Machine Learning Model Evaluation

Last Updated : 13 May, 2026

Model evaluation is the process of assessing how well a machine learning model performs on unseen data using different metrics and techniques. It ensures that the model not only memorises training data but also generalises to new situations. By applying various techniques, we can identify whether a model has truly learned patterns or not.

1. Cross-Validation

Cross-validation ensures that the model is tested on multiple subsets of data making it less likely to overfit and improving its generalisation ability.

(a) Holdout Method

In the Holdout method the dataset is split into train and test sets (commonly 7:3 or 8:2). Let's implement it where:

  • load_iris() loads the Iris dataset (flower measurements with 3 species).
  • train_test_split() divides data into training and testing sets.
  • test_size=0.20: 20% for testing, 80% for training.
  • random_state=42 makes results reproducible
Python
from sklearn.model_selection import train_test_split
from sklearn.datasets import load_iris

iris = load_iris()
X, y = iris.data, iris.target

X_train, X_test, y_train, y_test = train_test_split(
    X, y, test_size=0.20, random_state=42
)

print("Training set size:", len(X_train))
print("Testing set size:", len(X_test))

Output:

Training set size: 120
Testing set size: 30

(b) K-Fold Cross-Validation

In K-Fold Cross-Validation the dataset is divided into k folds. Each fold is used once as a test set and the model is trained on the remaining k-1 folds. Lets implement it where:

  • DecisionTreeClassifier(): A decision tree model is created.
  • KFold(n_splits=5): Data is divided into 5 folds.
  • cross_val_score(): Runs training/testing across folds.
  • scores: Accuracy for each fold.
  • scores.mean(): Average accuracy across all folds.
Python
from sklearn.model_selection import KFold, cross_val_score
from sklearn.tree import DecisionTreeClassifier

model = DecisionTreeClassifier()

kfold = KFold(n_splits=5, shuffle=True, random_state=42)

scores = cross_val_score(model, X, y, cv=kfold)

print("Cross-validation scores:", scores)
print("Average CV Score:", scores.mean())

Output:

Cross-validation scores: [1. 1. 0.93333333 0.93333333 0.93333333]
Average CV Score: 0.9600000000000002

2. Evaluation Metrics for Classification Tasks

Classification models assign inputs to predefined labels.

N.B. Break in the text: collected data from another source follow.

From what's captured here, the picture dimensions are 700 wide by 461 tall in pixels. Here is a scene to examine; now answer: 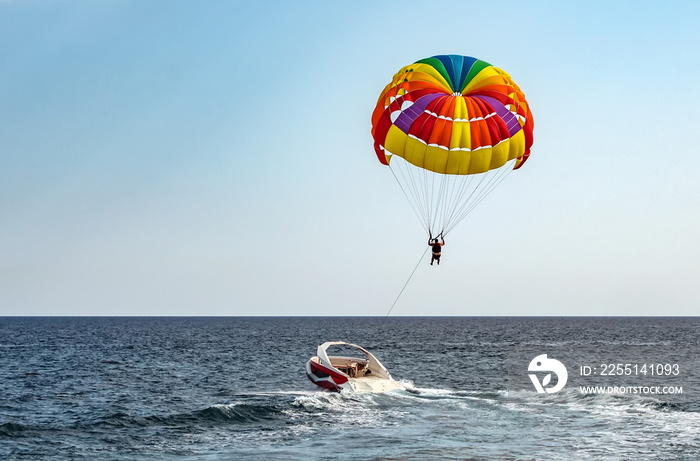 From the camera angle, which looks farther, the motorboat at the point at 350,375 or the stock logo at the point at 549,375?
the stock logo at the point at 549,375

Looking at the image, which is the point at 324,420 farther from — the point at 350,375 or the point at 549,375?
the point at 549,375

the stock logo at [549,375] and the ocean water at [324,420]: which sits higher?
the stock logo at [549,375]

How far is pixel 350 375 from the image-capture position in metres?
32.8

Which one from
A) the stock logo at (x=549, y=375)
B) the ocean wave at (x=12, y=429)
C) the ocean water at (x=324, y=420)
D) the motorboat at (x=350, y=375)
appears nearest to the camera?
the ocean water at (x=324, y=420)

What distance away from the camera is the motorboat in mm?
30922

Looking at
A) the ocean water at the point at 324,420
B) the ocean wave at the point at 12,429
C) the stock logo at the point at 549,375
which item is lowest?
the ocean wave at the point at 12,429

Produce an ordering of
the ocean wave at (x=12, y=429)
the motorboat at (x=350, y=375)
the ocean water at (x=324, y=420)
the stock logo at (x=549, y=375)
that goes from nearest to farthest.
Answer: the ocean water at (x=324, y=420)
the ocean wave at (x=12, y=429)
the motorboat at (x=350, y=375)
the stock logo at (x=549, y=375)

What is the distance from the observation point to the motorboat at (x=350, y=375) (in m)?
30.9

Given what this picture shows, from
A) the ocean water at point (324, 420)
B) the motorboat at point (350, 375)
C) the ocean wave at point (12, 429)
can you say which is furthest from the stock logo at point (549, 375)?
the ocean wave at point (12, 429)

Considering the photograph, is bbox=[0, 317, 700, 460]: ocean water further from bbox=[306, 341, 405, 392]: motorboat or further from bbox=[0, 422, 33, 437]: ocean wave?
bbox=[306, 341, 405, 392]: motorboat

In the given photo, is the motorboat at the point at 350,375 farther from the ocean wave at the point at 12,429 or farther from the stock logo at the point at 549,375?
the ocean wave at the point at 12,429

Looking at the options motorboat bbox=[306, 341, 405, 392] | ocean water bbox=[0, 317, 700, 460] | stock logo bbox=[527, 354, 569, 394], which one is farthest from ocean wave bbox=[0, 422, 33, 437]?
stock logo bbox=[527, 354, 569, 394]

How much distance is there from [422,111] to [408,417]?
Result: 11.6 meters

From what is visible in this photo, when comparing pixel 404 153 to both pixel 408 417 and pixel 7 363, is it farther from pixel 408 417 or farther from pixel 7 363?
pixel 7 363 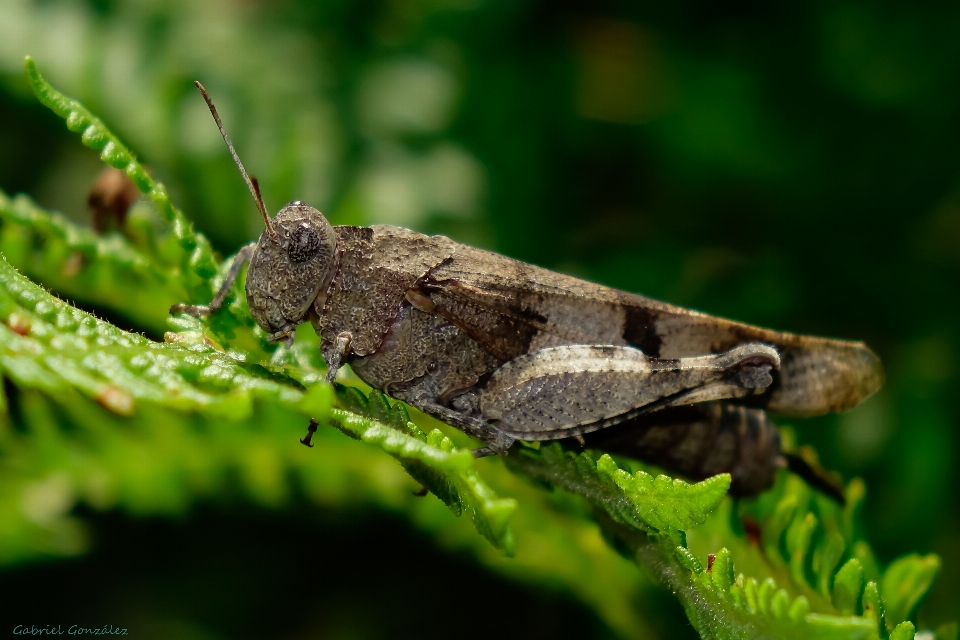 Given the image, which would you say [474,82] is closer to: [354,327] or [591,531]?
[354,327]

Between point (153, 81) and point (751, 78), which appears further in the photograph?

Their performance can be measured using accuracy, precision, recall, F1 score, confusion matrix and AUC-ROC. We’ll demonstrate these metrics using a Decision Tree Classifier on the Iris dataset.

Step 1: Importing Libraries, Loading Dataset, Splitting Dataset

Python
import pandas as pd
import numpy as np
from sklearn import datasets
from sklearn.tree import DecisionTreeClassifier
from sklearn.model_selection import train_test_split
from sklearn.metrics import (
    precision_score, recall_score, f1_score, accuracy_score,
    confusion_matrix, ConfusionMatrixDisplay, roc_auc_score
)
import matplotlib.pyplot as plt

iris = datasets.load_iris()
X, y = iris.data, iris.target

X_train, X_test, y_train, y_test = train_test_split(
    X, y, test_size=0.20, random_state=20
)

Step 2: Training Model

  • DecisionTreeClassifier(): Creates a decision tree model.
  • .fit(X_train, y_train): Trains the model on training data.
  • .predict(X_test): Generates predictions on test data.
Python
tree = DecisionTreeClassifier()
tree.fit(X_train, y_train)
y_pred = tree.predict(X_test)

Step 3: Accuracy

We will calculate the accuracy,

Accuracy = \frac {TP+TN}{TP+TN+FP+FN}

  • TP: True Positives
  • TN: True Negatives
  • FP: False Positives
  • FN: False Negatives

accuracy_score() computes the proportion of correct predictions.

Python
print("Accuracy:", accuracy_score(y_test, y_pred))

Output:

Accuracy: 0.9333333333333333

Step 4: Precision and Recall

Precision: Precision measures how many predicted positives are actually positive.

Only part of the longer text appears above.